Grappling with dual identities — being born and reared as Americans within traditional South Asian households — is a common topic among this group, which takes comfort in and draws inspiration from fellow South Asian Americans. Rice University's Kinder Institute for Urban Research notes that Houston is one of the most diverse metropolitan areas in the United States, with the Asian population growing the fastest. Asians make up 8 percent of the greater Houston population, according to 2016 U.S. Census data.
Discussions on diversity
In addition to dealing with their complicated identities, South Asian-Americans were also challenged at the weeklong institute to talk about diversity within their communities.
"We learned not to judge anyone, even other South Asians, for anything, because we all come from different backgrounds," Nath said. "We learned about colorism, for example, about skin color: Some people have lighter skin, some people have darker skin, but that shouldn't be something that you judge someone for."
Within the South Asian community in Houston, Nath said, there is a broad range of people who are either native Texans or were brought up in another state, or who immigrated to the United States as children.
Her compatriot, Nisarg Mistry, moved to Texas as a teenager from Toronto, Ontario. He noted it was a challenge to adjust to a new community.
"Moving here was a huge, huge culture shock for me," he said, citing "all the taco trucks and barbecue stalls" from various minority groups he had not encountered in Toronto.
Mistry, who studies chemical engineering at the University of Houston, said he feels that discussions about identity and social justice are lacking in his academic circles. So when he heard about SAYHU's summer institute, he felt it was the perfect opportunity to learn more about how he could engage his community in discussions about difficult topics.
"I know a lot about social justice issues, but I've never found an avenue to make a change or do something about it," he said. "So this was the perfect thing for me to do."
Both these participants said they left the institute with practical takeaways, not just tips on how to handle conversations with friends and family about taboo subjects such as domestic violence and LGBTQ issues, but also ideas for projects they plan to begin.
Nath, for example, plans to push for more vegetarian and halal options in the cafeteria at the University of Texas.

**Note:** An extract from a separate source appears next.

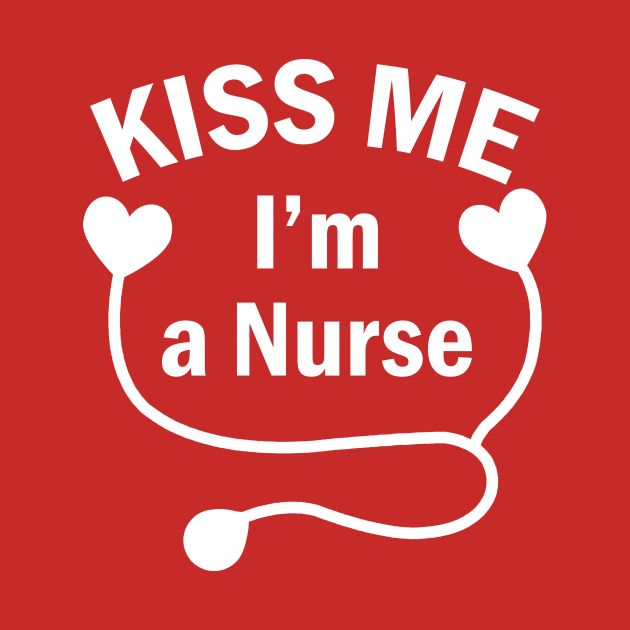 kiss me Im a nurse by TshirtsCintia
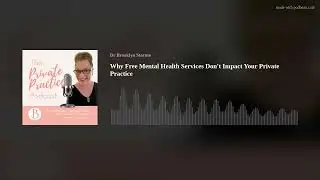 Why Free Mental Health Services Won't Take Clients From Your Private Practice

"Eating cheese pizza every day is not fun," she said, noting that even in a diverse city like San Antonio, a three-hour drive from her hometown, dining facilities do not always cater to Muslims and Hindus with specific dietary constraints.
Nisarg said that in the coming weeks, he will start a podcast, engaging people he met at the institute to make their conversations more widely available to South Asians both in and out of Houston.
And he doesn't plan to shy away from discussions about feminism and women's rights, which are a big focus of female-led SAYHU.
"I think it's important for men to be aware of all of the issues as well. It can't just be women," Nisarg said. "We have to work together to solve these issues. SAYHU … they're doing their part to change the Houston community."
SAYHU members are now preparing for their first regional summit, scheduled for later this month, where they'll continue their discussions about a number of topics, but on a larger scale.